_Task directions_
Every record below, from first to last, should be copied exactly; leave the pictures out.
Entries provided section start
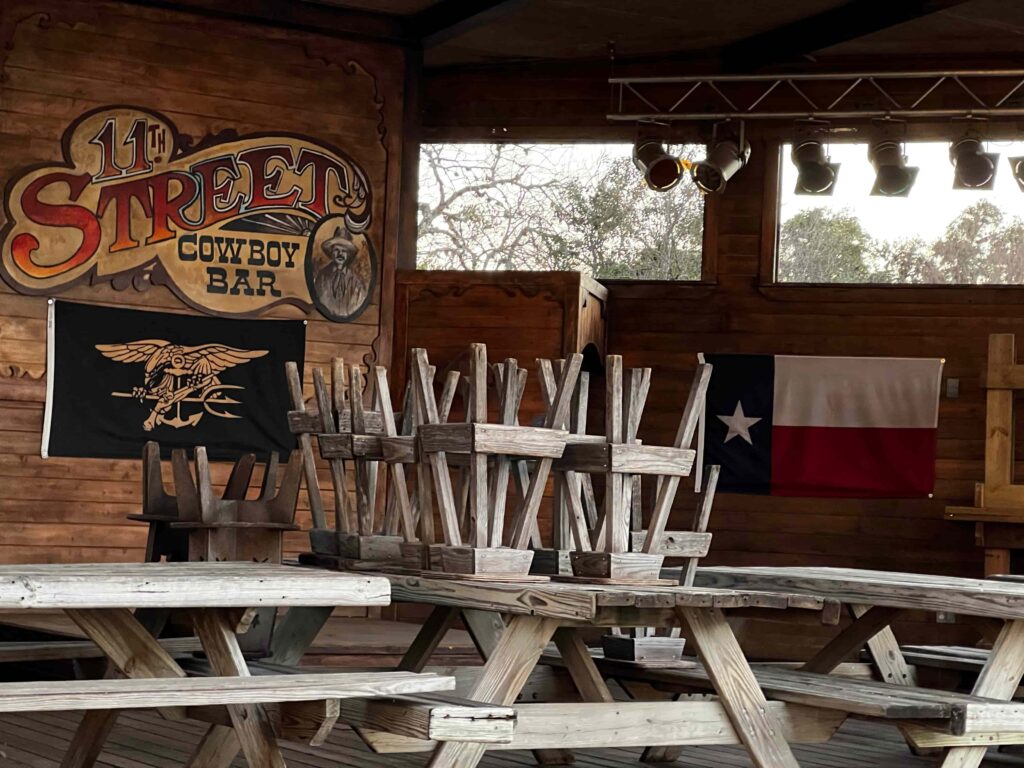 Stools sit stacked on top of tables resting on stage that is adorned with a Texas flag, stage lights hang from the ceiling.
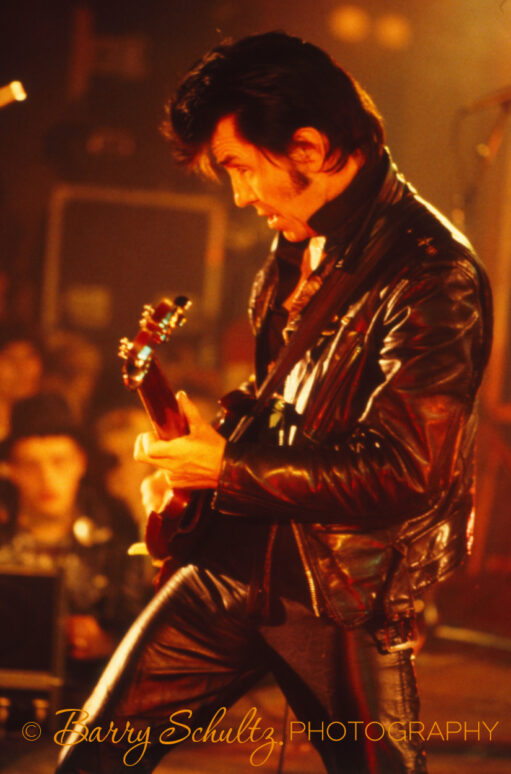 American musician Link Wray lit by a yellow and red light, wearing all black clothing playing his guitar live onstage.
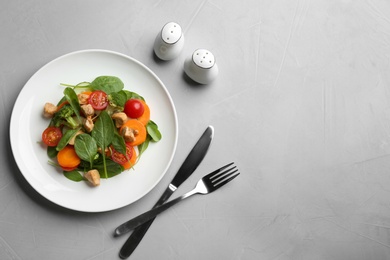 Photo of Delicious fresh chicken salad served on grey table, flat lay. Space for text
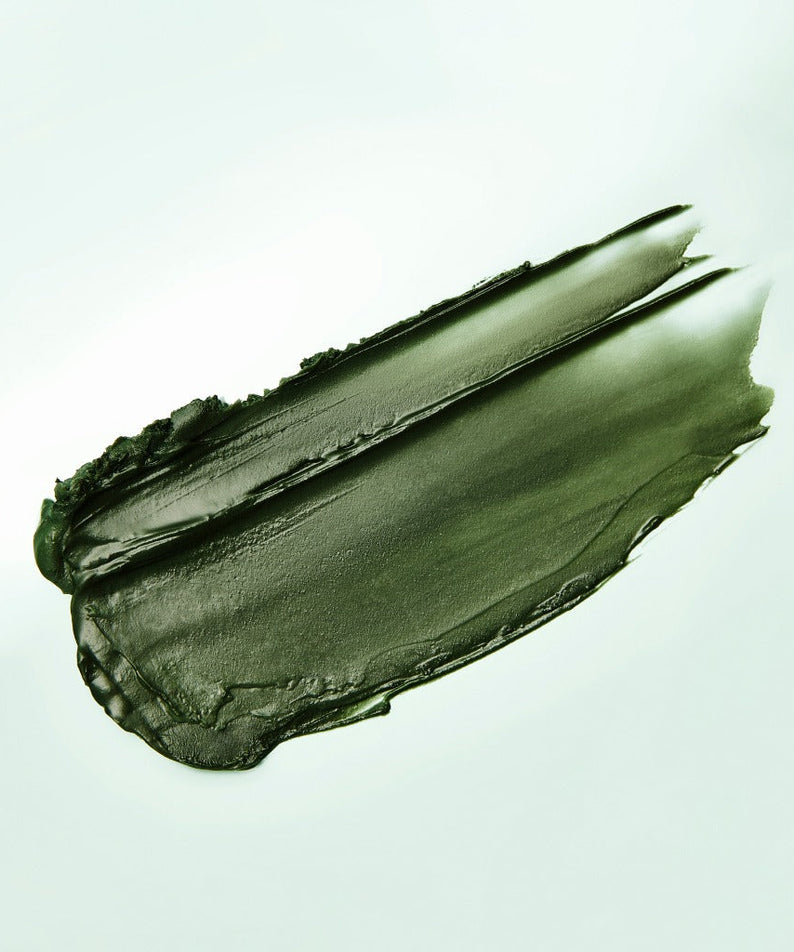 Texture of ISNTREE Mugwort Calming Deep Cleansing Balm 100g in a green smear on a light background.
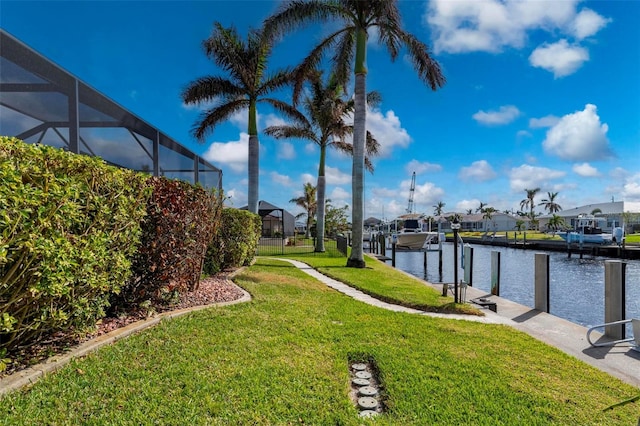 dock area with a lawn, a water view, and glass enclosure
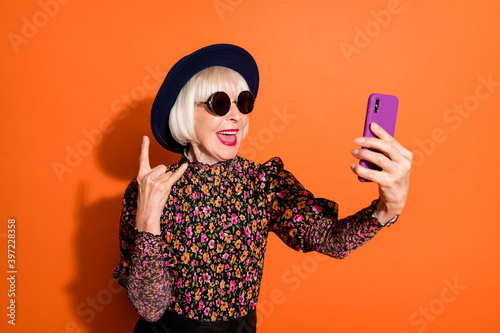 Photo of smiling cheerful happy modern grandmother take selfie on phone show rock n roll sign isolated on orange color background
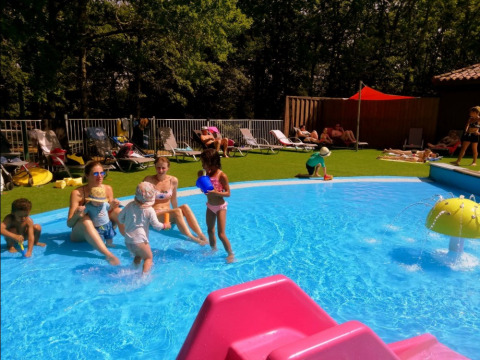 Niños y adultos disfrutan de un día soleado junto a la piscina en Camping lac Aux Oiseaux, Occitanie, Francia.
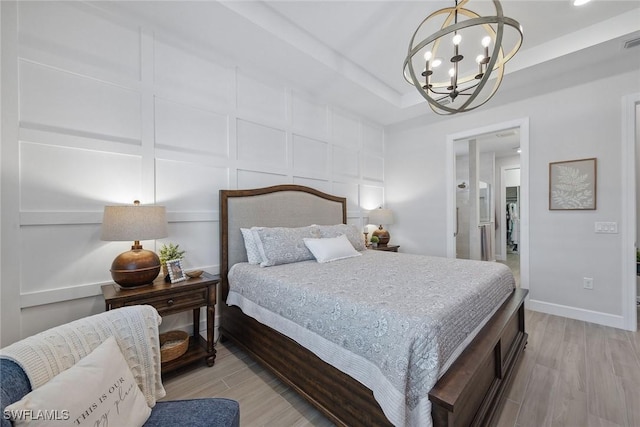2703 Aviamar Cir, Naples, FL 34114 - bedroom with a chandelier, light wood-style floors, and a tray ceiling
Entries provided section end
_Solved problem_
 Stools sit stacked on top of tables resting on stage that is adorned with a Texas flag, stage lights hang from the ceiling.
 American musician Link Wray lit by a yellow and red light, wearing all black clothing playing his guitar live onstage.
 Photo of Delicious fresh chicken salad served on grey table, flat lay. Space for text
 Texture of ISNTREE Mugwort Calming Deep Cleansing Balm 100g in a green smear on a light background.
 dock area with a lawn, a water view, and glass enclosure
 Photo of smiling cheerful happy modern grandmother take selfie on phone show rock n roll sign isolated on orange color background
 Niños y adultos disfrutan de un día soleado junto a la piscina en Camping lac Aux Oiseaux, Occitanie, Francia.
2703 Aviamar Cir, Naples, FL 34114 - bedroom with a chandelier, light wood-style floors, and a tray ceiling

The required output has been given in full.